Bunda masih senyum-senyum, lalu ingat bicaranya belum selesai, dia melanjutkan, "Ayah tahu Bunda sekarang ngga pernah ikut pergi karena berat ninggalin kalian. Makannya Bunda cuma pesan ayah jaga kesehatan. Bunda khawatir tahu, sedih kalau ayah sama kalian sakit. Apalah gunanya Bunda kalau kalian sampai sakit? Kalian sakit, Bunda juga bisa ngerasain sakitnya. Makannya daripada kalian yang sakit ya mending Bunda aja yang sakit. Bagusnya sih, kita semua sehat terus. Biar Bunda ngga ngomel, kamu baik-baik jaga kesehatan ya Dek."

"Bunda madep sana ih, aku mau nyeka air mata dulu. Bunda apa banget bikin nangis pagi-pagi. Aku kan mau tebar pesona huh."

***

Sudah seminggu sejak kejadian di apartemen Arlo, setiap Aurora bertemu dengannya tak pernah ada sapaan apapun. Aurora juga tak mau basa-basi menyapa. Peduli amat mau dibilang tak sopan atau apa.

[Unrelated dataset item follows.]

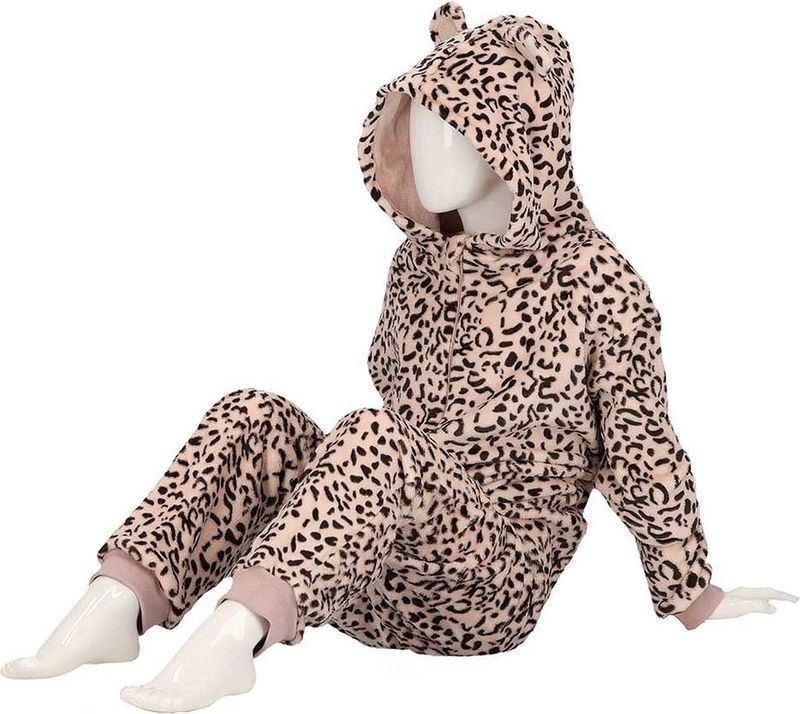 Apollo - Kinder Onesie - Leopard - Roze - Fleece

Seminggu ini pula dia ketemu nyaris setiap hari dengan Arlo. Pulang sekolah, anggota Nusapacita wajib kumpul untuk pemberian materi dasar navigasi dan survival untuk keperluan kemah pra diklat Sabtu besok. Selama itu pula, Arlo yang sering memberi materi, juga masih pura-pura menganggap Aurora seperti kebanyakan adik kelas yang lain. Kenal sekedarnya.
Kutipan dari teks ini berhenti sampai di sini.